Document Type

Undergraduate Project

Date of Degree Completion

Spring 2021

Degree Name

Bachelor of Science

Department

Engineering Technology

Committee Chair

Charles Pringle

Abstract

Once carbon fibers are cast into a resin and used in a composite material, retrieving those fibers can be a difficult task. However, it is beneficial to recycle and reuse the fibers from old unneeded components rather than pay the cost of acquiring new ones. The Joint Center for Aerospace Technology Innovation (JCATI) carbon fiber recycling device condenses the multistep process of extracting the fibers by integrating all steps into one automated device. In the previous version of the device, the cutting blades turned the long composite strips into thin fingers but did not sever them across the width.
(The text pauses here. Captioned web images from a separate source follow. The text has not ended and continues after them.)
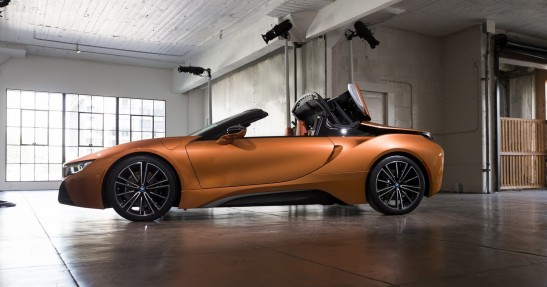BMW i8 Roadster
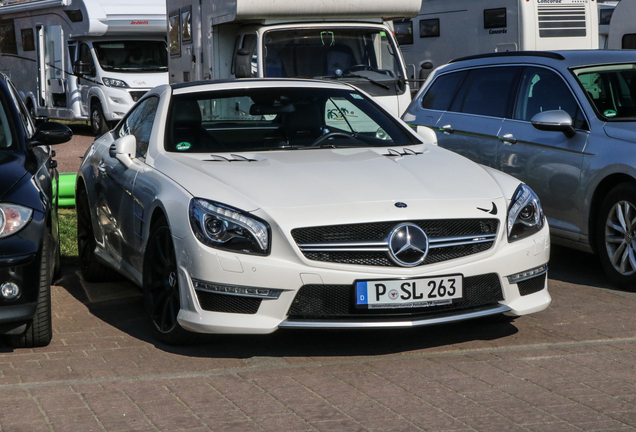 Mercedes-Benz SL 63 AMG R231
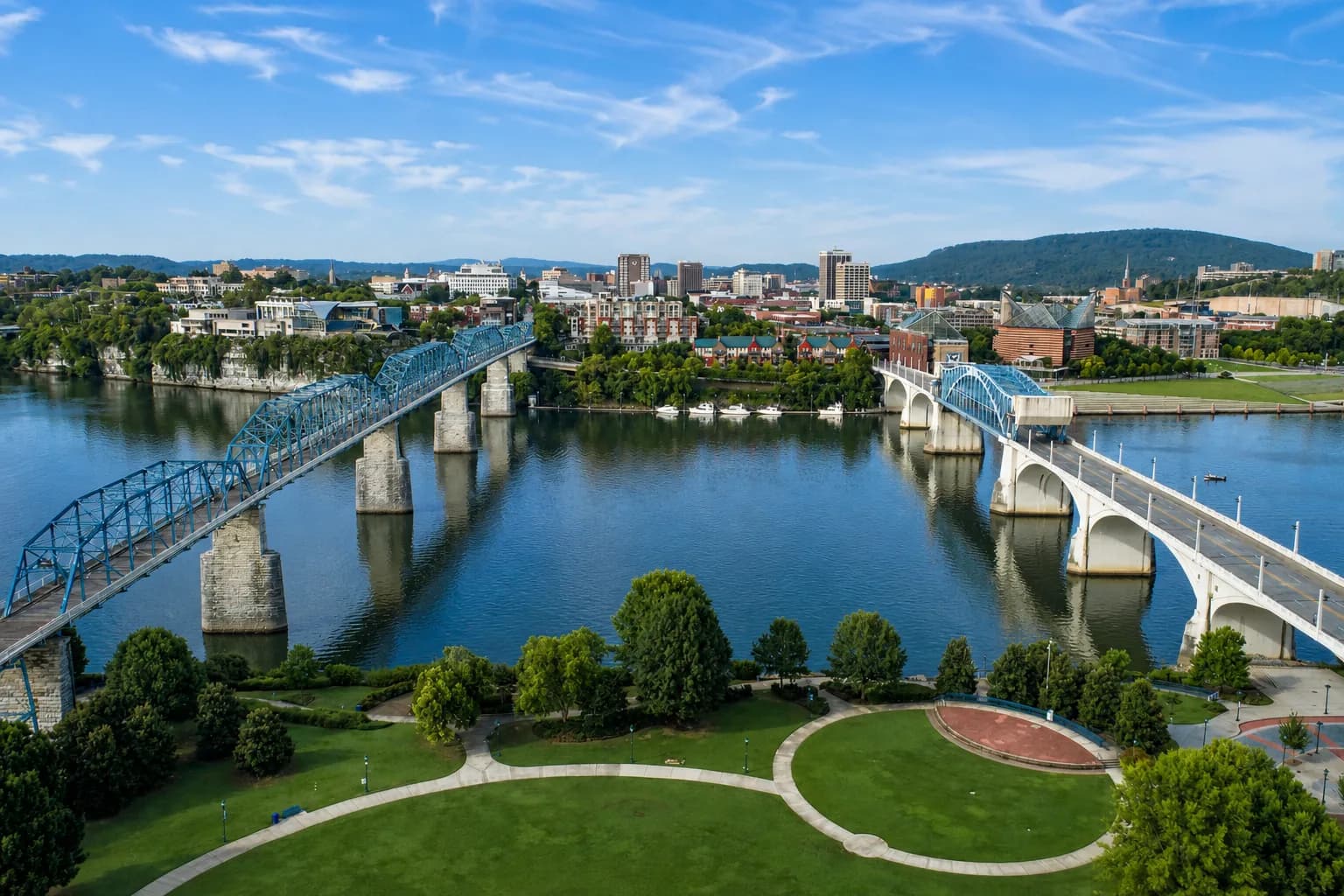Ooltewah neighborhood in Chattanooga, Tennessee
The goal of the cutters is to create composite pieces small enough to undergo pyrolysis in the next section of the device, so the long thin fingers must be severed along the width at intervals to create composite chips containing long enough fibers to reuse. To sever the strips across the width, the number of blades on the cutter shafts was increased and the blades were moved closer together. The blades being closer together allows the system to act as a crosscut shredder and cut the strips along the length and width at the same time. This results in composite chips that contain fibers between 0.25” and 0.5”. These chips are small enough that they can undergo pyrolysis in the next step of the device to extract the fibers, and large enough that the fibers inside are reusable.